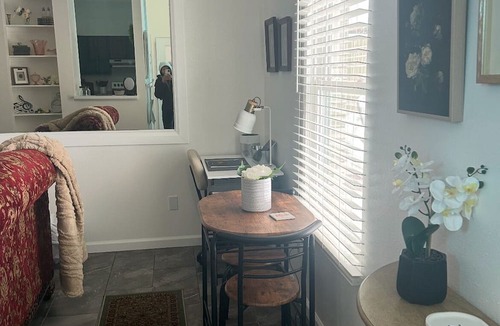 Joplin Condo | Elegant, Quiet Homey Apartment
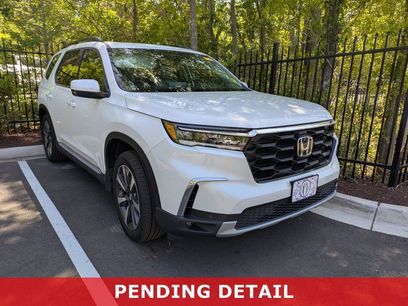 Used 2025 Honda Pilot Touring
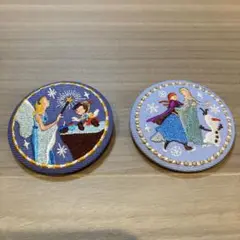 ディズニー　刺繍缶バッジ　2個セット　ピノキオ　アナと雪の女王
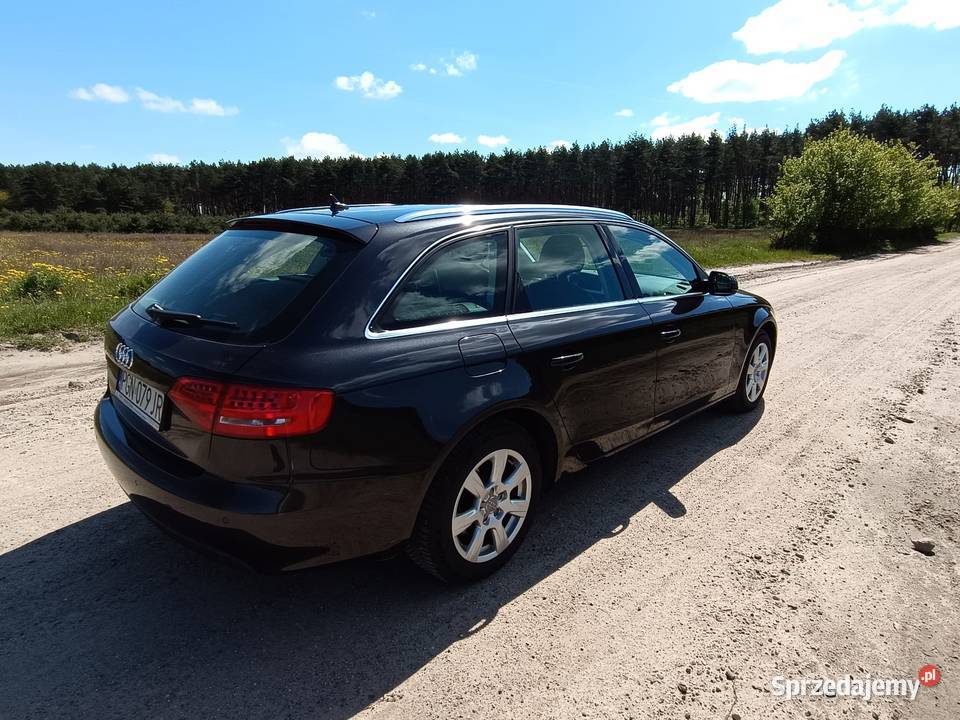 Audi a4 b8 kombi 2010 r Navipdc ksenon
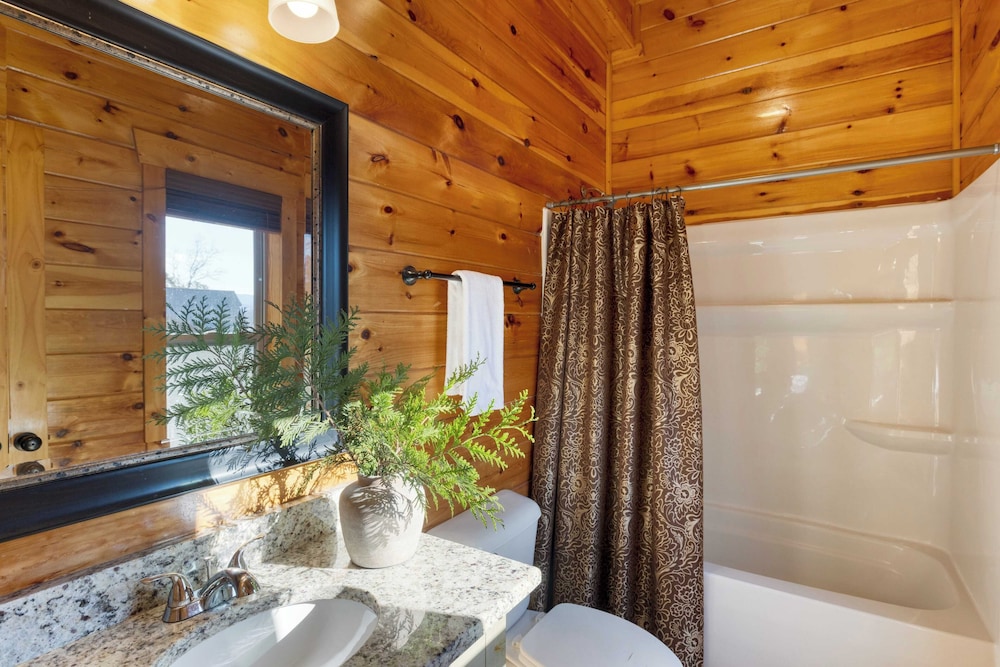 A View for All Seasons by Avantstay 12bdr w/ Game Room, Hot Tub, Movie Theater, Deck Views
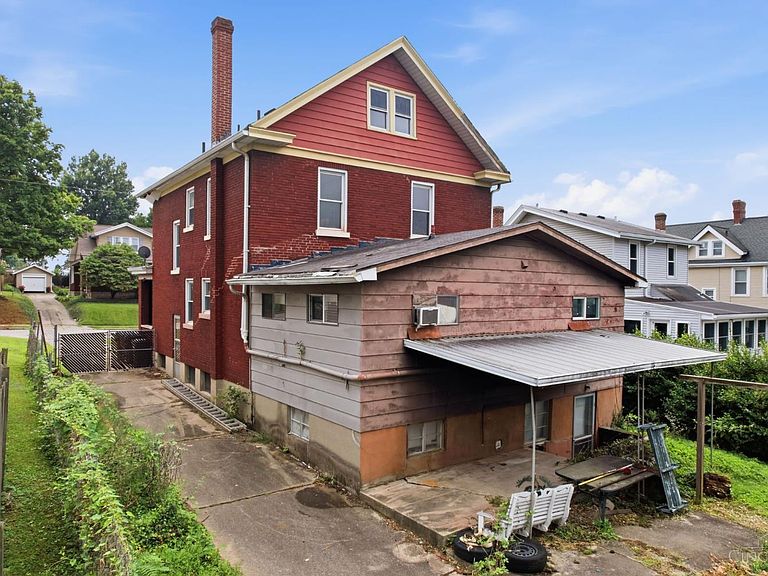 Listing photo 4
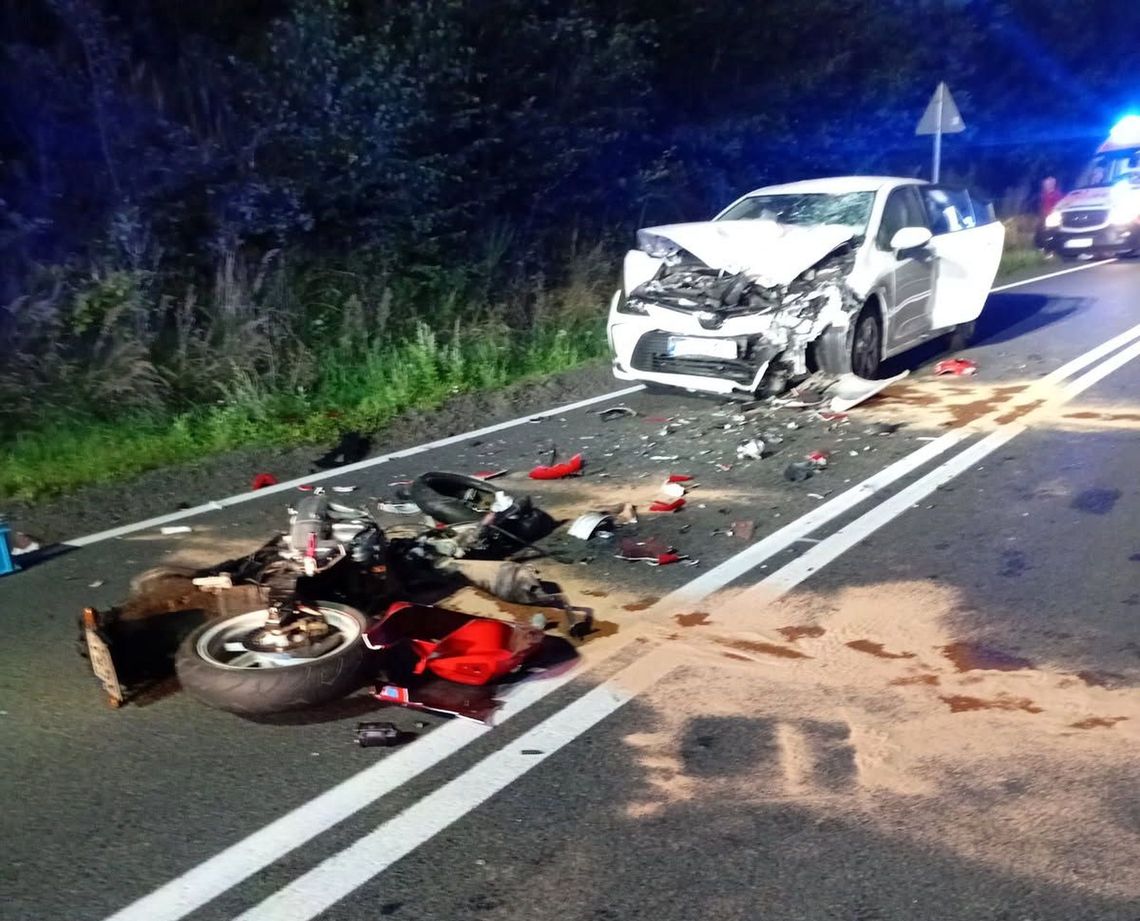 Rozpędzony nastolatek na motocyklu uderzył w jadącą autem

────────────────────

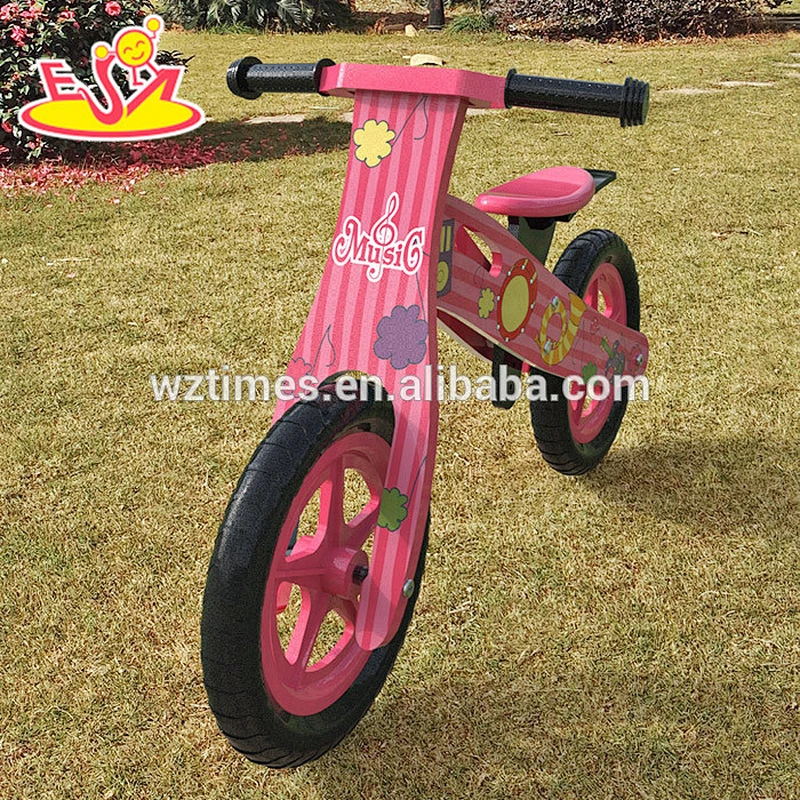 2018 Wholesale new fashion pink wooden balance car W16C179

────────────────────

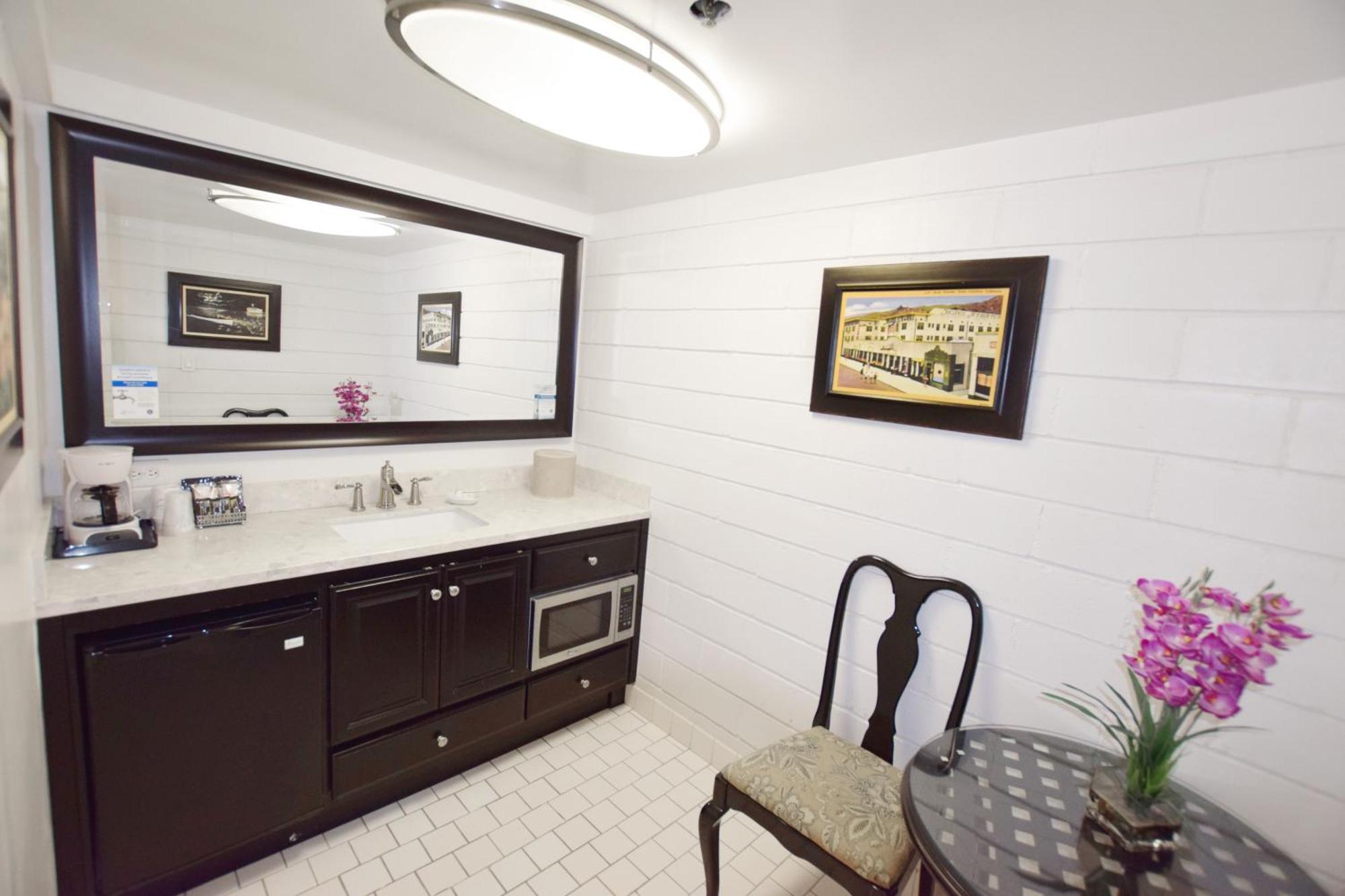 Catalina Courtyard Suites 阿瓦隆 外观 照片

────────────────────

* To do *
Everything above from the line containing "Used 2025 Honda Pilot Touring" through the line containing "Rozpędzony nastolatek na" must be repeated exactly, and the pictures must be left out.

* Solution to this problem *
 Used 2025 Honda Pilot Touring
 ディズニー　刺繍缶バッジ　2個セット　ピノキオ　アナと雪の女王
 Audi a4 b8 kombi 2010 r Navipdc ksenon
 A View for All Seasons by Avantstay 12bdr w/ Game Room, Hot Tub, Movie Theater, Deck Views
 Listing photo 4
 Rozpędzony nastolatek na motocyklu uderzył w jadącą autem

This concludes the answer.